What you will do = Could you transcribe the records below exactly, leaving out every picture?

Data entries =

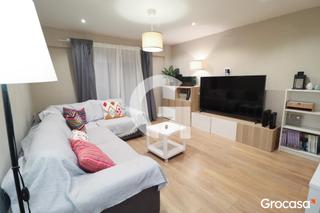 Piso  Cl almendro. Amplio piso reformado de 4 habitaciones con ascensor listo para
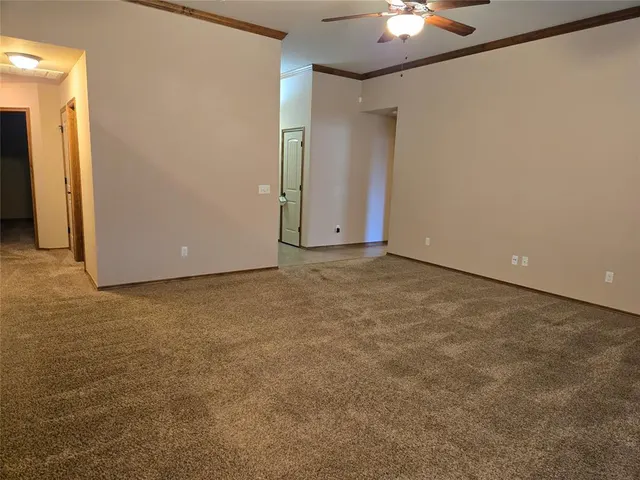 Photo 5 — 221 SW 148th Street, Oklahoma City, OK 73170
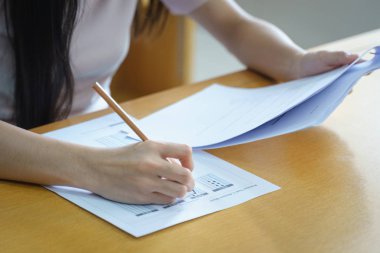 Lisan sözleşmesi yapan genç kız üniversite öğrencilerini kapatın.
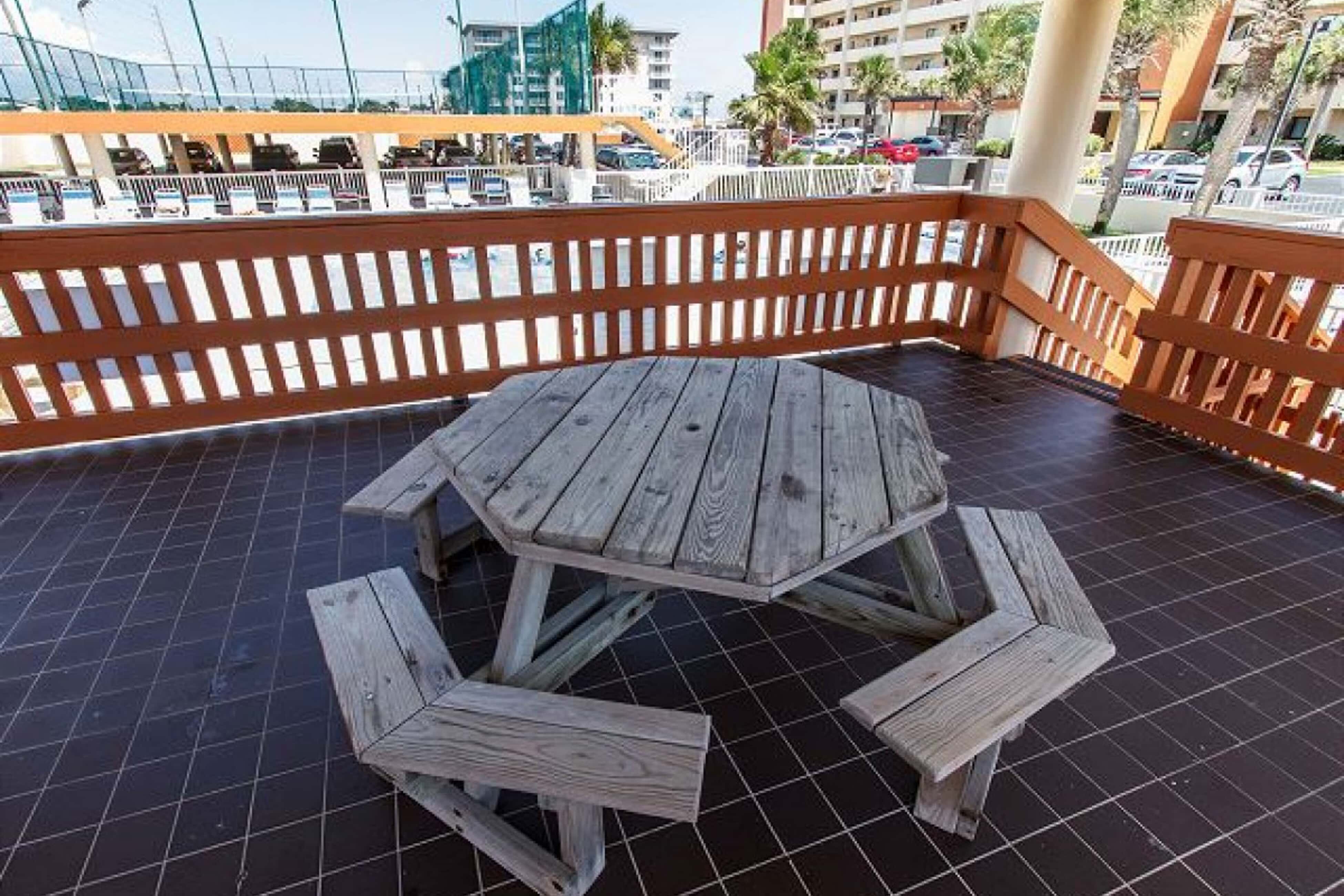 You Get A Chair Condo rental in Surf Dweller in Fort Walton Beach Florida - #32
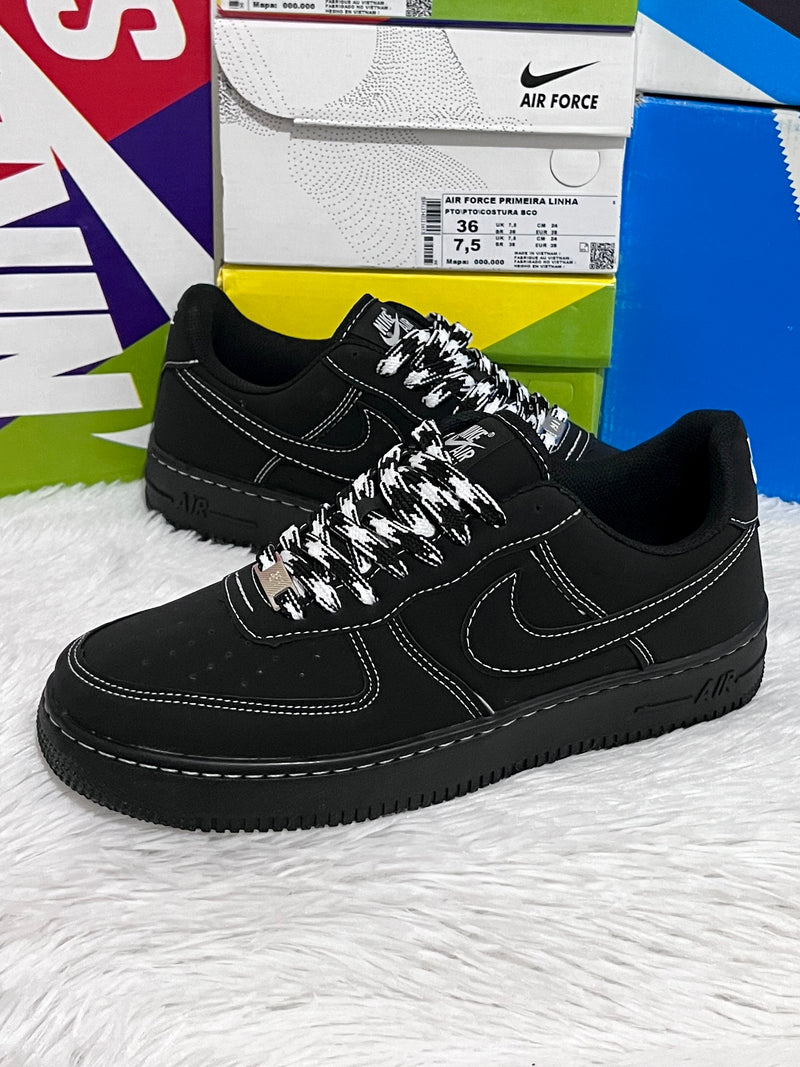 Nike Air Force 1 x Travis Preto Bordado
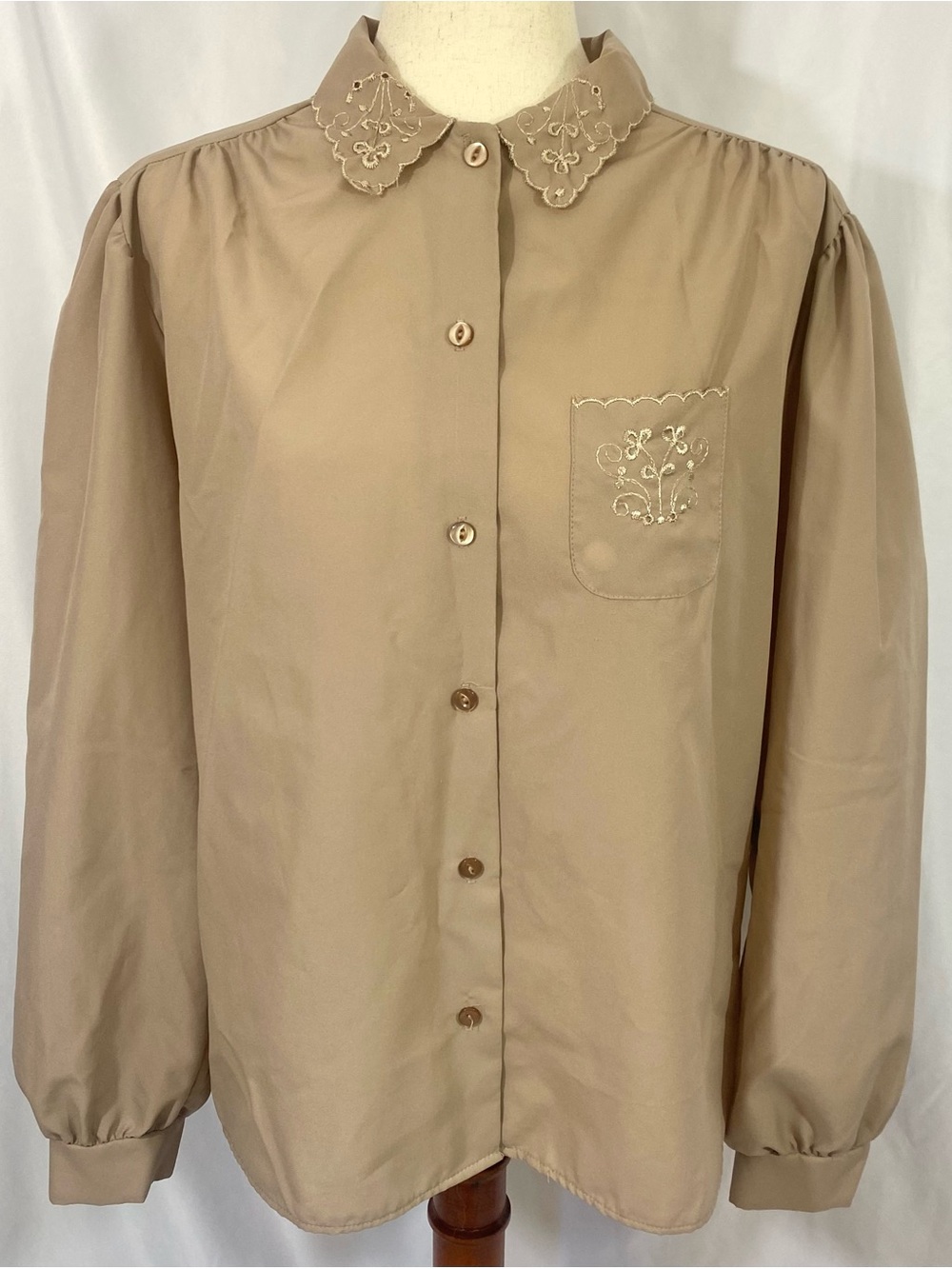 Vintage 80’s Lady Manhattan Tan Long Sleeve Blouse XL - Picture 2 of 7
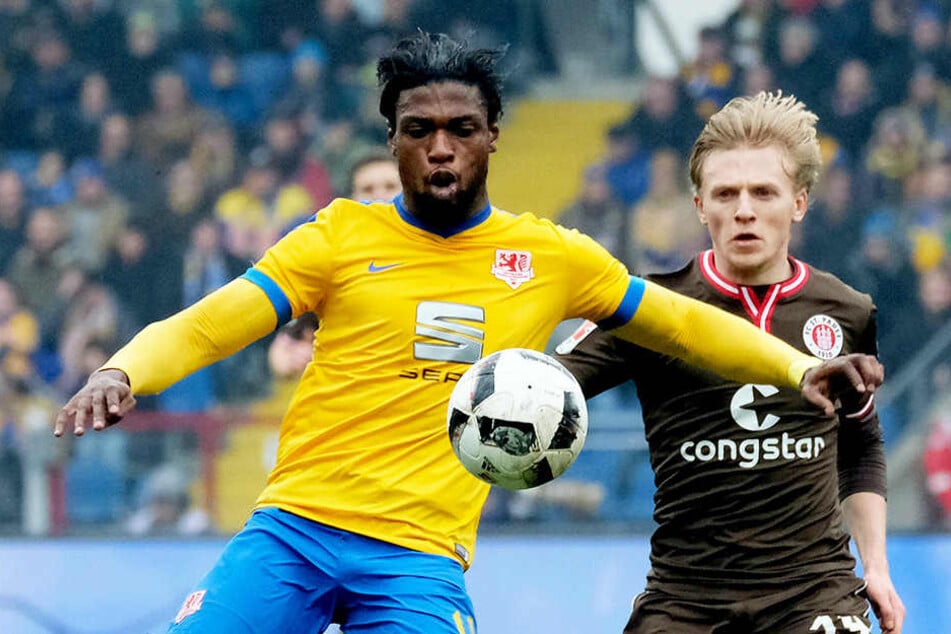 Joseph Baffo (l.) im Trikot von Eintracht Braunschweig im Zweikampf mit St. Paulis Flügelflitzer Mats Möller Daehli.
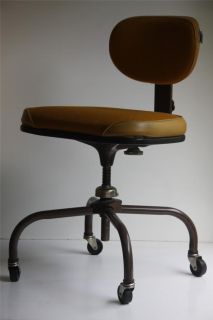 60's Retro Mid Century Modern Cramer Swivel Office Chair Tanker Desk Chair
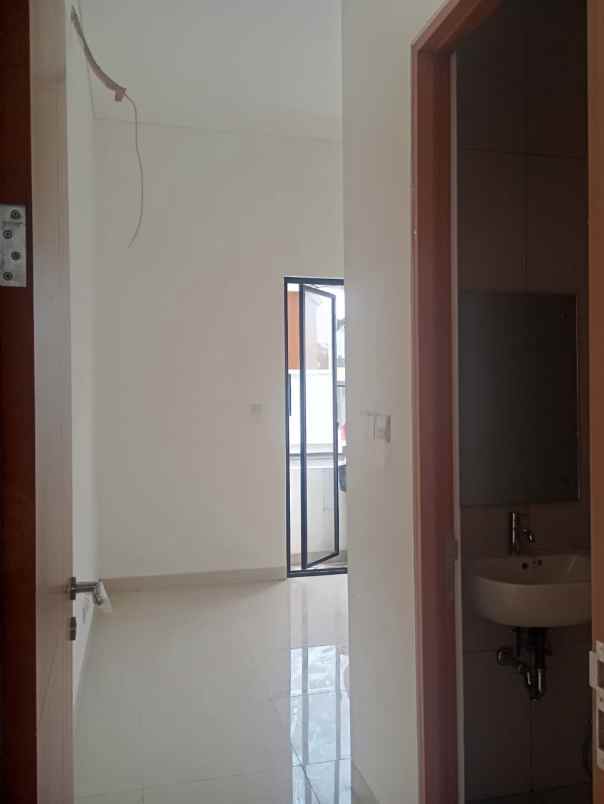 dijual rumah karanggan gunung putri bogor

Written response =
 Piso  Cl almendro. Amplio piso reformado de 4 habitaciones con ascensor listo para
 Photo 5 — 221 SW 148th Street, Oklahoma City, OK 73170
 Lisan sözleşmesi yapan genç kız üniversite öğrencilerini kapatın.
 You Get A Chair Condo rental in Surf Dweller in Fort Walton Beach Florida - #32
 Nike Air Force 1 x Travis Preto Bordado
 Vintage 80’s Lady Manhattan Tan Long Sleeve Blouse XL - Picture 2 of 7
 Joseph Baffo (l.) im Trikot von Eintracht Braunschweig im Zweikampf mit St. Paulis Flügelflitzer Mats Möller Daehli.
 60's Retro Mid Century Modern Cramer Swivel Office Chair Tanker Desk Chair
 dijual rumah karanggan gunung putri bogor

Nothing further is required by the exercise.